As the rate of cancer shoots up in Vietnam, many relatives and acquaintances have fallen to illness. And many of them have turned to Buddhism, especially praying and meditation, to turn away from suffering and despair to find their peace of mind. I hope you, somehow, will find your peace too.

In Vietnam, this question is the short form of: “When are you getting married and inviting me to your wedding party so I can eat some candies?” It drove me nuts this new year’s season (no surprise!) and I have thought up of a genius idea: From now on I’m gonna bring candy bags with me when I go with my parents to visit their friends and our relatives. And if anyone brings that question up, I will simply pull out one bag to hand them: “Here, have all the candies you want.” Just imagine all the awkward silence, and once I’m out of their sight, all the phone calls and gossiping.

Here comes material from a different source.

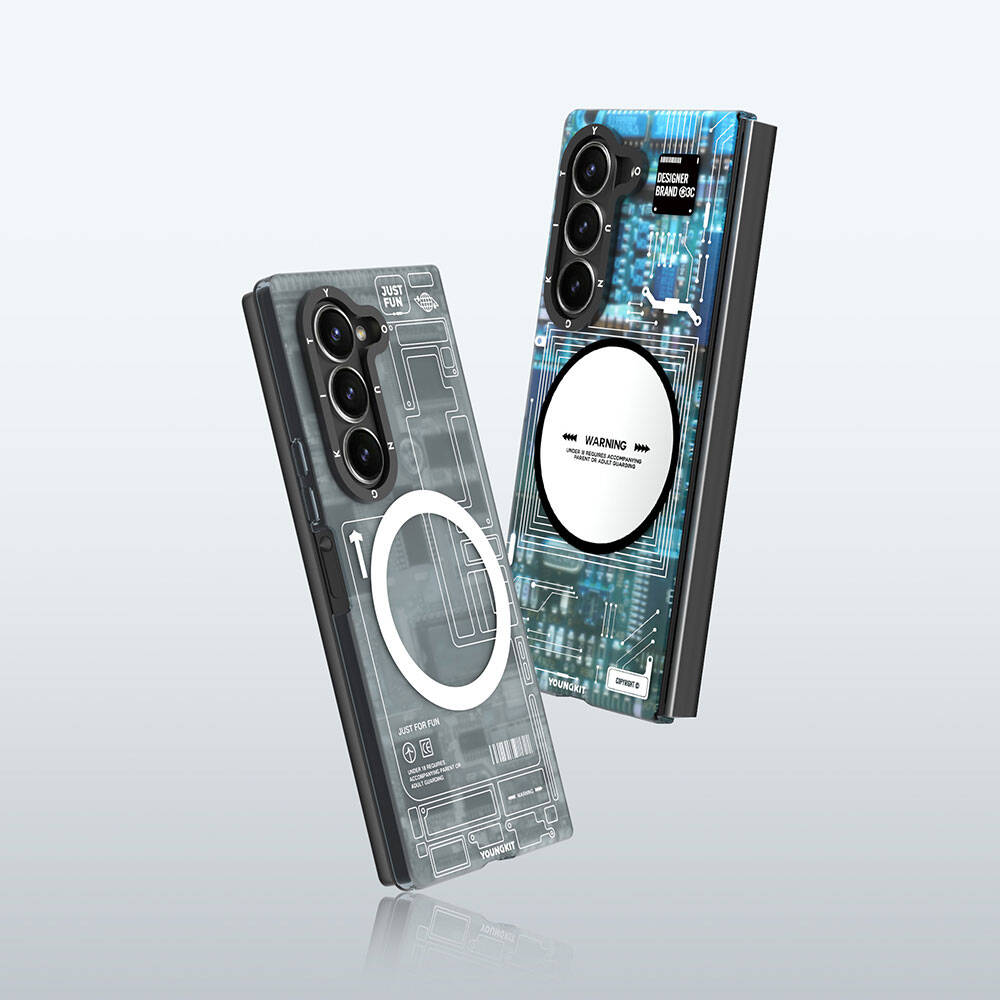 Galaxy Z Fold 6 Kılıf Magsafe Şarj Özellikli Youngkit Technology Serisi Kılıf Mavi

I have to admit that they’re right in saying now is a critical time frame to seriously look for a life partner; a couple of years more and my chance would go down precipitously. The problem for me is I can’t decide if I even want to get married and have kids. The more I talk with friends and see them off to set up couple life, the more I realize how indifferent I am. I’ve never dreamed about wedding dresses, celebration parties, honeymoon. I’ve never had the instinct to protect and guide young children, to put them on my lap and baby talk them about what they like. I look at them as funny creatures with fascinating behaviors and logics and sometimes they’re cute and entertaining; other times downright annoying. Yes I understand family life is a lot more than all the things I just list, but the traditional form at least in Vietnam isn’t a particularly attractive idea to me.

Following many repetitive arguments with my mom, I flipped and told her flat out: “I’m not getting married. You can drop the matter.” The parents are utterly confused. Why would anyone think that it’s a matter of personal choice? What do I mean that I have no duty to the human race, society, ancestors, parents, to mate and procreate? They know I’m a bit weird, but surely not so weird that I don’t want to have my own little clones running around?! Not in their wildest dreams would they ever picture their daughter becoming a spinster. My mom even sheepishly asked if I was gay. I tried so hard to keep a straight face.

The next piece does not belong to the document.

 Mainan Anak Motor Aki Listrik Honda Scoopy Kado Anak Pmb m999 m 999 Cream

Something I think about often in my personal life and I’m sure I’ve mentioned it at least a couple of times in this blog: my mom and my grandma are quite angry and bitter and I don’t want to turn out like them. I simply do not have any desire to carry such negative emotions inside; they drain my energy. Most people that know me would say I’m chilled and don’t get stirred up.  Yet in my own relationship with my mom and with Col, it’s shocking how easily I get pissed off. I could brush it off as them knowing how to press my button, but I’m more and more alarmed at the frequency, and I think I have to acknowledge it’s more about me and how I handle my reactions and less about them and what they do (as perceived by me).

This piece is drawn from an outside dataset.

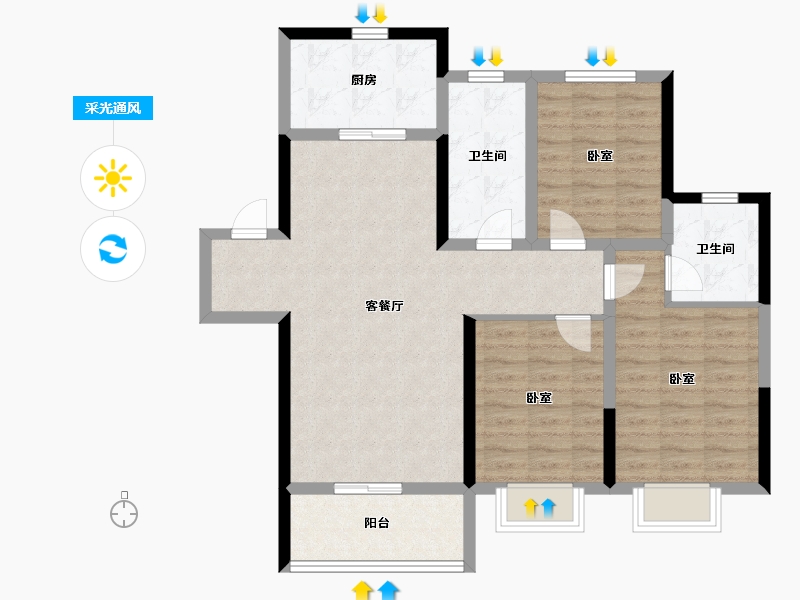 山东省-日照市-森博新城-92.81-户型库-采光通风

I’m not a Buddhist but I do usually find myself turning to Buddhist practices. And here are the 2 things that I need to keep reminding myself:
– Every action creates a reaction. The only way to stop the negativity and to avoid escalation is not to react, or to react positively. Not every conversation is an argument where I have to boil everything down to small details to see who wins the logic contest. With my mom, a lot of time she says things out of habit; I do not need to make a big fuss every time. With Col, he does not want to hurt my feelings with his words; he doesn’t know exactly how they affect me. And sometimes, it’s me who’s overthinking his motives and then react based on my own projection.
– Physically, the best way to calm down is to be conscious/mindful of my breathing. The second thing is to repeat in my head the importance of kindness. The ultimate goal in life is to love. I’ve seen enough suffering. If people are happy, then I’m happy.

Update: 3 hours after I wrote this, I already failed spectacularly with my mom.